In 1861, St. Louis’s public school system was threatened by the outbreak of the Civil War. As a member of the school district’s board of directors, William Greenleaf Eliot wrote to its president, Edward Wyman, and asked that he keep the schools open during wartime. As it turns out, the schools had been closed earlier that year, without any sign of reopening for St. Louis’s twelve thousand students. In seeking a reversal of Wyman’s decision to close the schools, Eliot was also trying to prevent such an occurrence from ever happening again.
Mr. Wayman, President Public Schools –
Dear Sir, In common with all citizens of St. Louis who feel an interest in the welfare of children, I am much gratified to see that the Public Schools will be open as usual in September, and that for doing this you place confidence in the well known ability of our fellow citizens. The greatest evils (of war, especially) of Civil War, consist in the demoralization of Society, especially of the young, and those who labor to prevent this by sustaining Schools & Institutions of learning, are doing the work of patriotism in the most effective manner. Whatever may be the differences of opinion among us as to current events, we can all agree upon the necessity of educating the rising generation. The Divine Savior said, “Lovest thou me more than these? Feed my lambs.” So do we say to all who are proven superior Patriots, Take care of the child! Keep them out of harm’s way. Shelter them from the storm & teach them how to become good citizens.
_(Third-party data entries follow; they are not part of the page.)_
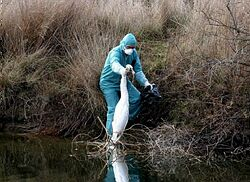 V Grécku dali do karantény dvoch ľudí v súvislosti s vtáčou chrípkou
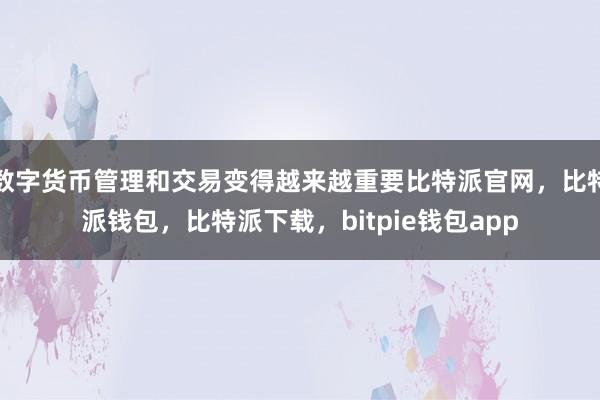 数字货币管理和交易变得越来越重要比特派官网，比特派钱包，比特派下载，bitpie钱包app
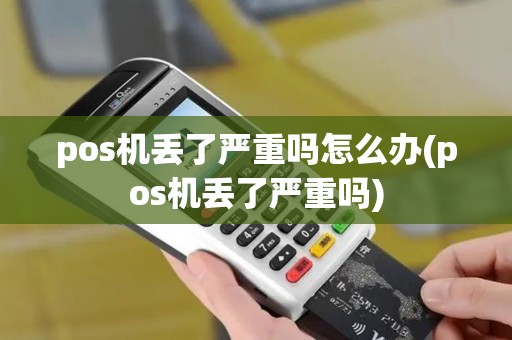 pos机丢了严重吗怎么办(pos机丢了严重吗)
Having these views, permit me to add that several years ago two of my sons where scholars in the PS [public schools] for a year or more, and in part consider it the [illegible] they received from an Institution ever in difficulty. You may expect from me on 1st Oct[ober]. if the Sch[ools] are re-opened, the sum of $50 in answer to your appeal. I do this the more readily, because altho the sum is in itself insignificant, I think that small contributions from many persons, will be the best method of supplying your need.
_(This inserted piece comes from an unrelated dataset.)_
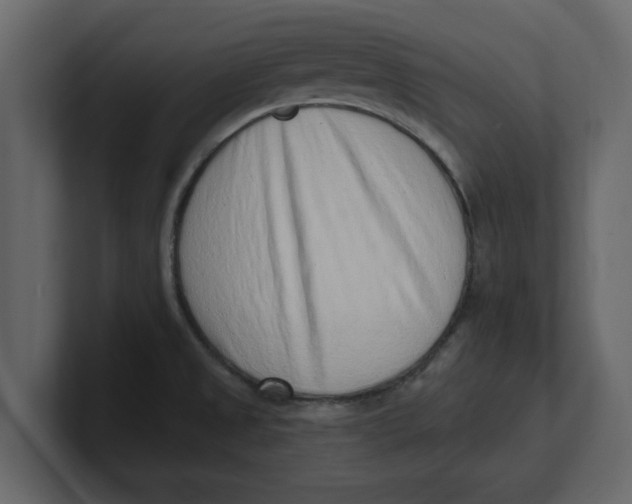 X0000100961525200807151347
St. Louis’s school district was formed when Missouri was made a territory in 1812, a congressional act accompanied by a statement that any land not reserved for private individuals or the military could be used for schools. After being voted on the board of directors in 1848, Eliot was able to raise public school taxes in St. Louis, an event that greatly expanded administrative operations, increased the district’s budget, and allowed for the opening of more schools. His tax hikes even won out against great public disapproval after St. Louis’s port burnt down after a massive fire in 1849.
Once again, Eliot’s vocation as a Unitarian minister influenced his ardent desire to provide free schooling for the city’s children and adolescents. At the foundation of Eliot’s thought was the need for education. If a society had access to good education, then its moral problems could be more easily solved. For quality education to remain in place, the institutional support would also need to stay intact. This necessity is even more important when society is subjected to the evils and destruction of war.
Eliot also mentions that two of his own sons were students in the St. Louis public school system, and even despite the near-constant problems the district faced, the boys still received an education. It was Eliot’s hope that through strengthening the institutional infrastructure of the school district, other children’s education would not be similarly interrupted.